State Assemblyman Steven Englebright introduced legislation in April, and it quickly passed by a wide margin in the Assembly.

Shortly thereafter, state Sen. Kemp Hannon of Garden City, the powerful Republican head of the Senate Health Committee, introduced identical legislation in the Senate. It looked as if Long Island would finally begin to address its nitrogen problem.

And then the trouble started.

Lobbyists for the big fertilizer companies descended on Albany, and before long, Sen. Hannon was walking back his support for his own bill, saying maybe we need more studies. This, despite the existence of hundreds of peer-reviewed studies and the clear and mounting evidence that lawn fertilizers with high amounts of water-soluble nitrogen were harming our only source of drinking water and our fragile marine ecosystems.
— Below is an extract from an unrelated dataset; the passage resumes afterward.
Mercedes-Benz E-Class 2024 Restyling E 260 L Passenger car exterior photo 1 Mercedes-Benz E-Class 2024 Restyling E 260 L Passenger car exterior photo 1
Meanwhile, the Long Island Nitrogen Action Plan, a taxpayer-funded initiative established by the state Department of Environmental Conservation and charged with developing plans to reduce nitrogen pollution on Long Island, had been meeting with stakeholders.

The Fertilizer Working Group, comprised of fertilizer manufacturers, landscapers, scientists and environmental advocates met several times, with predictable results.
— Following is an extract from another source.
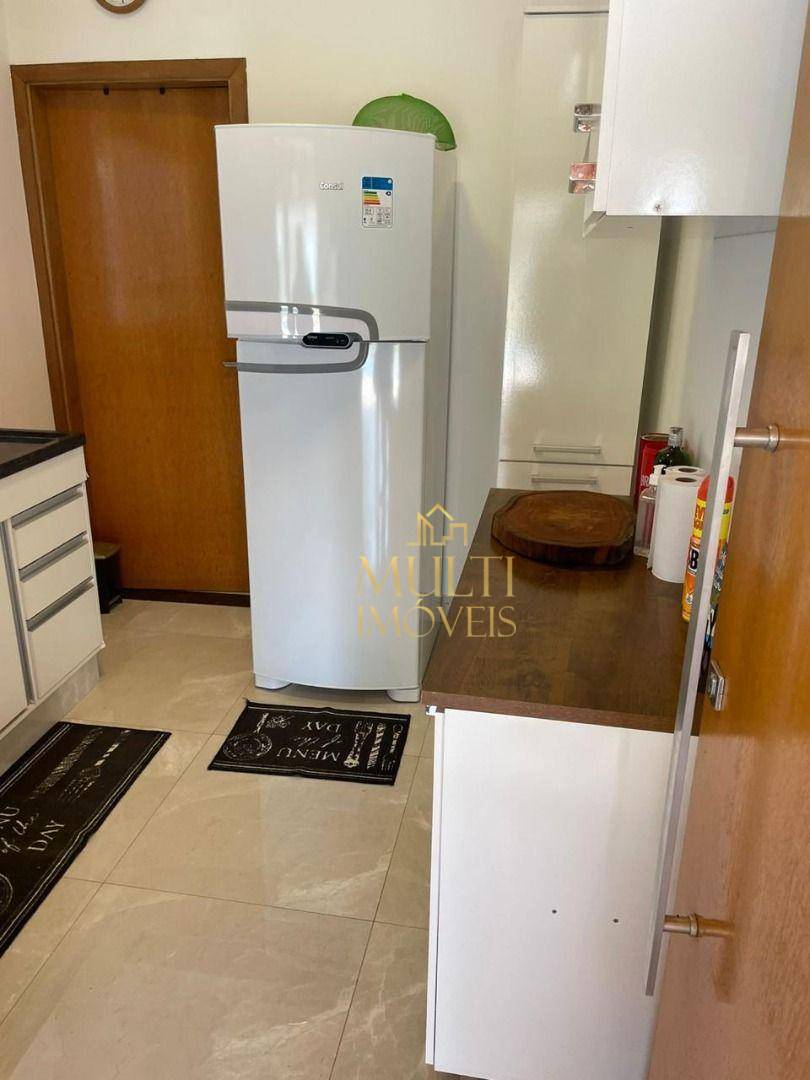 Sítio à venda com 3 quartos, 200m² - Foto 11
Manufacturers and landscapers argued strenuously against any regulations on fertilizer, while scientists and environmental advocates held that regulation was exactly what was needed.

Everyone agreed that voluntary measures and public education would be unlikely to produce a significant reduction, but there was no agreement on a solution.

And so, after spending $5 million of taxpayer’s money, LINAP failed to produce a workable solution. A draft report advocated a ban on high-nitrogen, water-soluble fertilizers that pollute our water, but it was never formally approved, and DEC kept it secret.

As the legislation sat in the Senate awaiting action, the DEC – the agency charged with protecting our water – sat on its hands, refusing to endorse this simple and elegant solution. DEC officials said privately that they were hoping for a “compromise.”

Really? Long Islanders should compromise their water quality so the biggest fertilizer companies could continue selling their polluting products?

Is that how the DEC protects our water?

Now, I might add here that the nitrogen issue is only one of many problems plaguing Long Island’s water.

We also need to address saltwater intrusion in our wells from overpumping, find a solution to remove emerging contaminants like 1, 4-dioxane and perfluorinated compounds (PFCs), and devote resources to deal with the ever-pressing issue of legacy contaminants from long gone industries and agricultural practices that continue to threaten our water supply.

But back to the fertilizer law. The legislative session came to an end this week and the state Senate allowed the bill to die quietly, never bringing it to the floor for a vote.

So next time you hear about the closure of drinking water wells due to high levels of nitrates, harmful algal blooms causing beach closures, shellfish bed contamination and harm to marine life, you’ll know that high nitrogen water soluble fertilizers are partly to blame.

And the people who we elected who are supposed to protect our water failed to pass this common sense and critically important law.

Apparently, water and politics don’t mix.